A longtime resident of Griswold, where he serves on the finance board, Webster trained as an HVAC (heating, ventilation, air conditioning) engineer and worked at Backus Hospital in Norwich when he chose Mohegan Sun.

In 2008 he was Chief Engineer, overseeing all engineering departments, and in 2013 he was promoted to Vice President of Facilities Operations, placing him in charge of the transportation and safety departments in addition to l ‘engineering.

Being instrumental in the planning and execution of Mohegan Sun’s security plan for reopening in June 2020 after the COVID-19 shutdown, Webster was appointed to his current position in September 2020. He added to his responsibilities the hotel, housekeeping, environmental services, food and beverage services, banquets and convention services, putting it in charge of all non-gaming operations.

Ten managers report to Webster, which oversees some 1,700 to 2,000 employees, including 180 to 190 traders.

“When I got here I was looking for a place that offered some room for advancement,” he said. “At the time, the options were the sub-base, the EB (electric boat) or the hospital. I thought I would gain experience and move on, but the advancement came quickly, I had good colleagues and I found that Mohegan Sun had the same core values ​​as me. You have been respected and listened to.
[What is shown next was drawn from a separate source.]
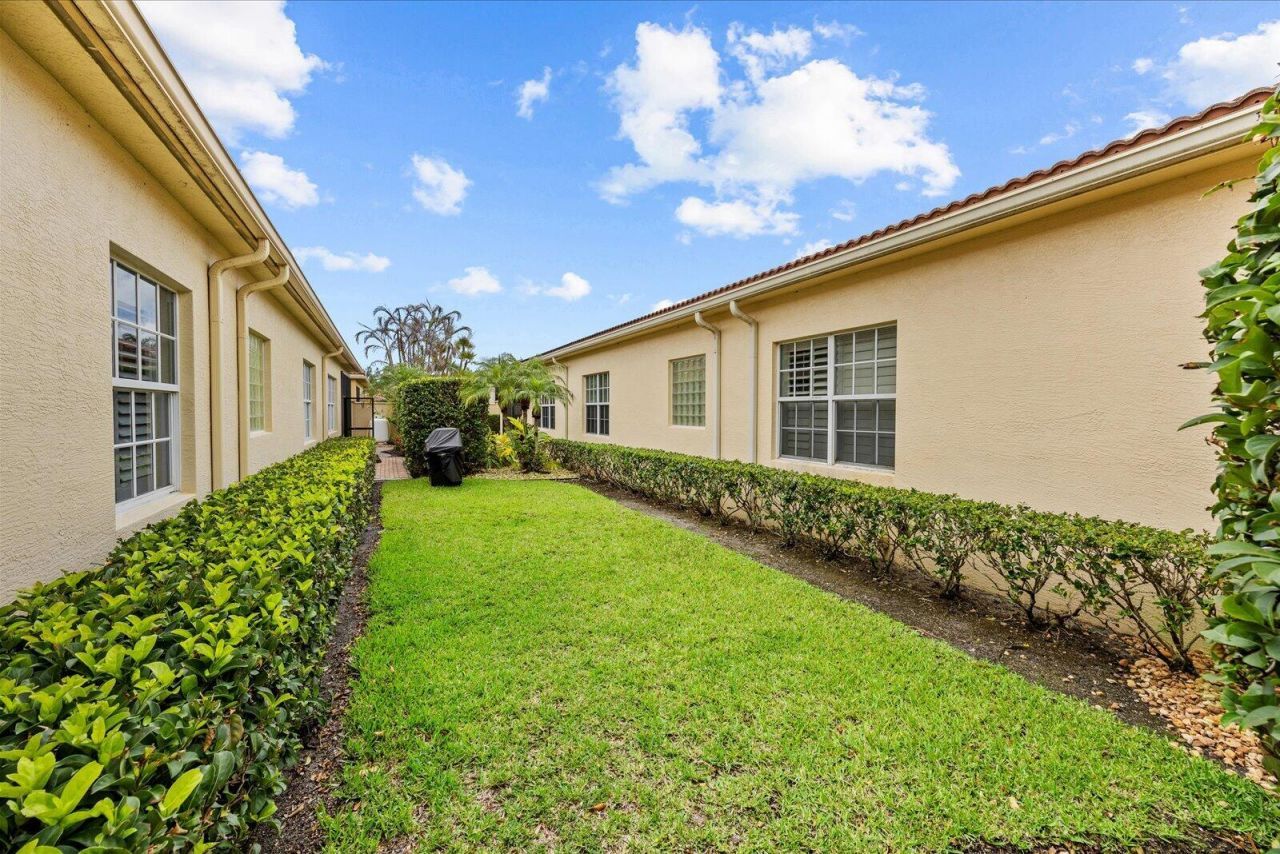 10099 SW Duccio Lane, Port Saint Lucie, FL 34986 Photo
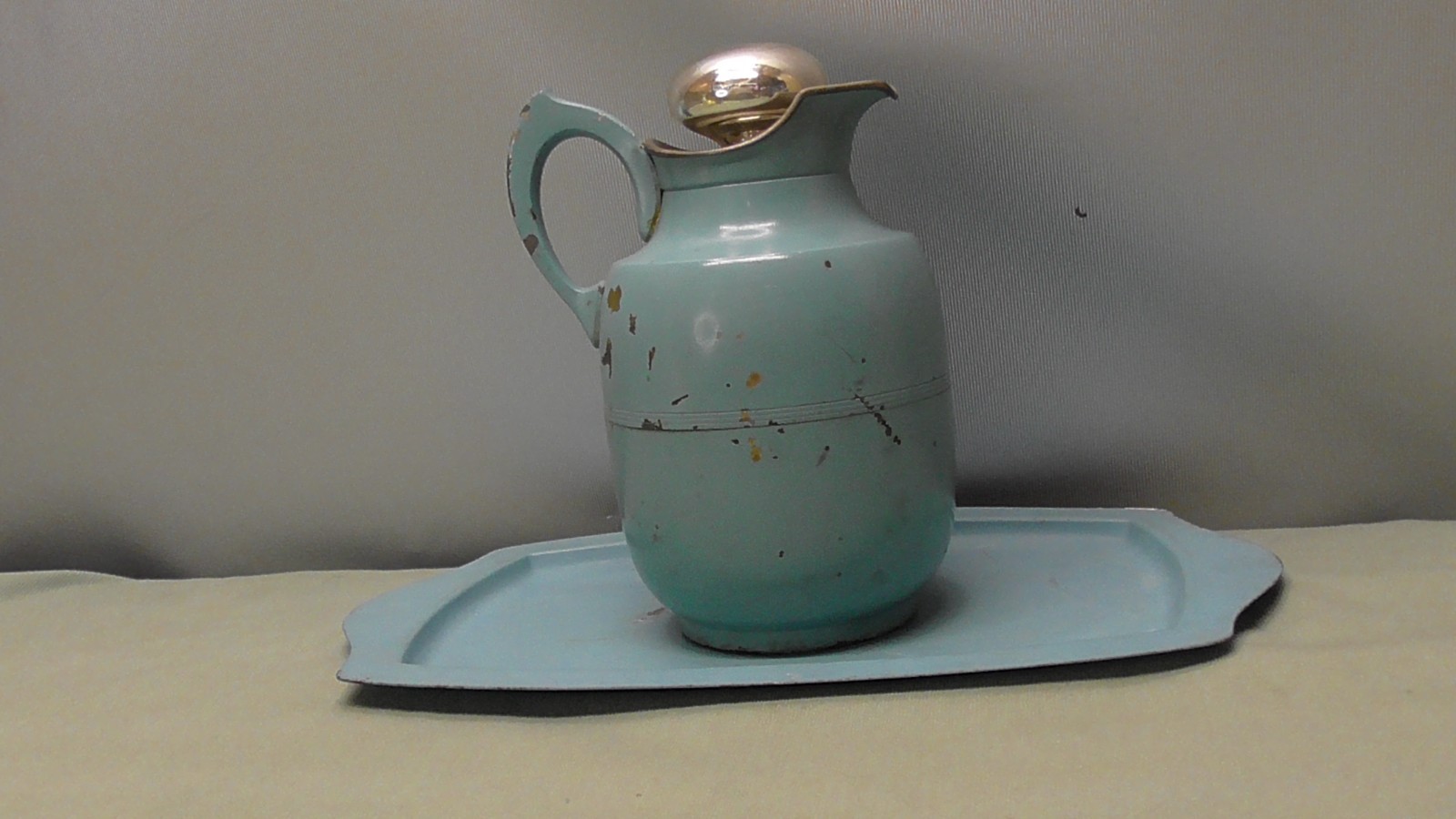 Vintage Manning Bowman Art Deco Turquoise Thermos & Tray w/ Glass Stopper brass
“… There you go, it’s 25 years later,” he said. “I thought I would be here three to five years at the most.”

Not everyone thought Webster was making the right decision when he signed with Mohegan Sun. His parents and siblings questioned the wisdom of leaving the hospital to work for the area’s second casino. Some have wondered if the region could even support a second casino.

“My mom also worked at Backus and retired after a long career there,” Webster said. “When I told her I was leaving to pursue my career, she was worried and that scared me a little.”

But less than a year after Mohegan Sun opened, it was clear he was here to stay, Webster said. Plans for a huge expansion were already beginning to take shape.

“When I talk to my mom today, she says, ‘I can’t believe I tried to talk you out of it,” he said.